[Activity]:
Among the entries below, only the lines starting at the one with "Jethro Tull - Aqualung" and ending at the one with "Timestamps: Lost Love", both included, are to be printed exactly.

====== Listed entries ======

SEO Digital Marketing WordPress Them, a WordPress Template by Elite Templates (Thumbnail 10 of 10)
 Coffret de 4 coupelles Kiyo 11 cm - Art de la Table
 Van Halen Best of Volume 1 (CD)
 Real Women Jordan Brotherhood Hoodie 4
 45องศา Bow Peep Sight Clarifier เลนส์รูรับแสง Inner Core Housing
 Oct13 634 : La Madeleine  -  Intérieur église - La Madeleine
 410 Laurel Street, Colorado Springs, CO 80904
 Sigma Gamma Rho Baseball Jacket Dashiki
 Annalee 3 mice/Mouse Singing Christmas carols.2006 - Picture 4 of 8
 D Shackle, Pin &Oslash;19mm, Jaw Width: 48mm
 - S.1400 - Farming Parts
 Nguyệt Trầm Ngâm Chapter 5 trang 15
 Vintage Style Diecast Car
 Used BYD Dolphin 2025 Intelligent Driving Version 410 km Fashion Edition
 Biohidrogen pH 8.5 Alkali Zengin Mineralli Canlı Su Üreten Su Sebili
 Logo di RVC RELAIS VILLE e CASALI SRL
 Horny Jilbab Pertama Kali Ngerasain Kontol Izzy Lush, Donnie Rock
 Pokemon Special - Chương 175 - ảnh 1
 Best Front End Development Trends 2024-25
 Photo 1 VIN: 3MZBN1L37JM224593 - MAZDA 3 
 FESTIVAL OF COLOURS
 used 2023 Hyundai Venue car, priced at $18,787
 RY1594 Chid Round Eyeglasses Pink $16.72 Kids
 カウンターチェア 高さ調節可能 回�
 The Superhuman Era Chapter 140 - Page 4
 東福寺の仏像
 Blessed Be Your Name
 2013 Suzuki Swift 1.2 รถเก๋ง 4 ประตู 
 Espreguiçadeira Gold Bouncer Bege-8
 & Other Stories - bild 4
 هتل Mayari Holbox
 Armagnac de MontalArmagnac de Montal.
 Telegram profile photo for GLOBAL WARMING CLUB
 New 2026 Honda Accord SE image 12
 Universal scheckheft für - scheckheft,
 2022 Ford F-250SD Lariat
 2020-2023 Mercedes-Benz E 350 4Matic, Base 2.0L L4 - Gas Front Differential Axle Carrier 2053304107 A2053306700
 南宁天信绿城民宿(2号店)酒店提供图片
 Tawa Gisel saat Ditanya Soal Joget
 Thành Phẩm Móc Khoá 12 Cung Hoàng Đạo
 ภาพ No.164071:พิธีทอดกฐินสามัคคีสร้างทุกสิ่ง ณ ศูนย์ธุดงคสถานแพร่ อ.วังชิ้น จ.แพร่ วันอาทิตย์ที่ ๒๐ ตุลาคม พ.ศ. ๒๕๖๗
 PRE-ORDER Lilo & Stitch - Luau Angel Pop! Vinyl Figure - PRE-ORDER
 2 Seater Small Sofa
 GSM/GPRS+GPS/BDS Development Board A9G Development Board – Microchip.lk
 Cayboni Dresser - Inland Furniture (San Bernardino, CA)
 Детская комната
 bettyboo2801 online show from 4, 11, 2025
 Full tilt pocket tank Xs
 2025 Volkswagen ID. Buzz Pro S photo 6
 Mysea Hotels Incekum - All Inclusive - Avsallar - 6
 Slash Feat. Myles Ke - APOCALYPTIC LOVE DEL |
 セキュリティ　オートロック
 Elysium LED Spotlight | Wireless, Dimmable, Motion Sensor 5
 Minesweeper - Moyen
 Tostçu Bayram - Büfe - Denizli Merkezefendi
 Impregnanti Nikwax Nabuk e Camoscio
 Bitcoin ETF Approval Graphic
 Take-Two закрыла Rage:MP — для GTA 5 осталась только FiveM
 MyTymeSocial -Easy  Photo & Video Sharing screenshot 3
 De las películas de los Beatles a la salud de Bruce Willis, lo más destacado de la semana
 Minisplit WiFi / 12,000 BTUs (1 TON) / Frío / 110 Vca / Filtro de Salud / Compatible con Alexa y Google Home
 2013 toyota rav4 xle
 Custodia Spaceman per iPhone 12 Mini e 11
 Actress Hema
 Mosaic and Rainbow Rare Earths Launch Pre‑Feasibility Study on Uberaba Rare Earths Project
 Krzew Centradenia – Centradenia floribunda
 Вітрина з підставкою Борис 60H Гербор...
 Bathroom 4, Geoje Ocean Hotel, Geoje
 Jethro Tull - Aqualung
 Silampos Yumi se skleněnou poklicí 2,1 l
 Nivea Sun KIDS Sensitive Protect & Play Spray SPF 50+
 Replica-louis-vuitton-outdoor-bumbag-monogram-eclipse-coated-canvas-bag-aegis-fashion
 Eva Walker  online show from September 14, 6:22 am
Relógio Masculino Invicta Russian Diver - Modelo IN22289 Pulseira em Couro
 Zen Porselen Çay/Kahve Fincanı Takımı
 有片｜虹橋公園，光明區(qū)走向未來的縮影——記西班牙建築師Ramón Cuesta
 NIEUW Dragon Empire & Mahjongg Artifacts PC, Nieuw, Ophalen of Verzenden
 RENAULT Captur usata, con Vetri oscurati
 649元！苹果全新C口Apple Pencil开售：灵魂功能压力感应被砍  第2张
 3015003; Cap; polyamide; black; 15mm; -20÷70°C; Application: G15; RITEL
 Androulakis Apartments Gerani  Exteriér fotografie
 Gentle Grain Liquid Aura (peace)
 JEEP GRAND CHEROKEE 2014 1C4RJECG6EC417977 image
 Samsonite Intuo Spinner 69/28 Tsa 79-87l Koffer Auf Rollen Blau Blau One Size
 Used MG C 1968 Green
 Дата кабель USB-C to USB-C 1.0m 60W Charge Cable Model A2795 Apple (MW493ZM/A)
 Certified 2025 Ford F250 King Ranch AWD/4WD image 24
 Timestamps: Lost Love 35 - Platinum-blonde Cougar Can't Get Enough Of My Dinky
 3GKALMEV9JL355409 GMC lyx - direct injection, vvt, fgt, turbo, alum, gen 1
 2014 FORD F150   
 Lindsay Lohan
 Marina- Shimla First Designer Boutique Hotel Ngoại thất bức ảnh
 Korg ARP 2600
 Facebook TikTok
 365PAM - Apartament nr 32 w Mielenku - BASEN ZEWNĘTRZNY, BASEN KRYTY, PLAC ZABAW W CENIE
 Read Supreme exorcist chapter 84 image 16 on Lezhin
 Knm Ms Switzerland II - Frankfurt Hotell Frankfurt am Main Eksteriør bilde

======

[Result of this task]:
 Jethro Tull - Aqualung
 Silampos Yumi se skleněnou poklicí 2,1 l
 Nivea Sun KIDS Sensitive Protect & Play Spray SPF 50+
 Replica-louis-vuitton-outdoor-bumbag-monogram-eclipse-coated-canvas-bag-aegis-fashion
 Eva Walker  online show from September 14, 6:22 am
Relógio Masculino Invicta Russian Diver - Modelo IN22289 Pulseira em Couro
 Zen Porselen Çay/Kahve Fincanı Takımı
 有片｜虹橋公園，光明區(qū)走向未來的縮影——記西班牙建築師Ramón Cuesta
 NIEUW Dragon Empire & Mahjongg Artifacts PC, Nieuw, Ophalen of Verzenden
 RENAULT Captur usata, con Vetri oscurati
 649元！苹果全新C口Apple Pencil开售：灵魂功能压力感应被砍  第2张
 3015003; Cap; polyamide; black; 15mm; -20÷70°C; Application: G15; RITEL
 Androulakis Apartments Gerani  Exteriér fotografie
 Gentle Grain Liquid Aura (peace)
 JEEP GRAND CHEROKEE 2014 1C4RJECG6EC417977 image
 Samsonite Intuo Spinner 69/28 Tsa 79-87l Koffer Auf Rollen Blau Blau One Size
 Used MG C 1968 Green
 Дата кабель USB-C to USB-C 1.0m 60W Charge Cable Model A2795 Apple (MW493ZM/A)
 Certified 2025 Ford F250 King Ranch AWD/4WD image 24
 Timestamps: Lost Love 35 - Platinum-blonde Cougar Can't Get Enough Of My Dinky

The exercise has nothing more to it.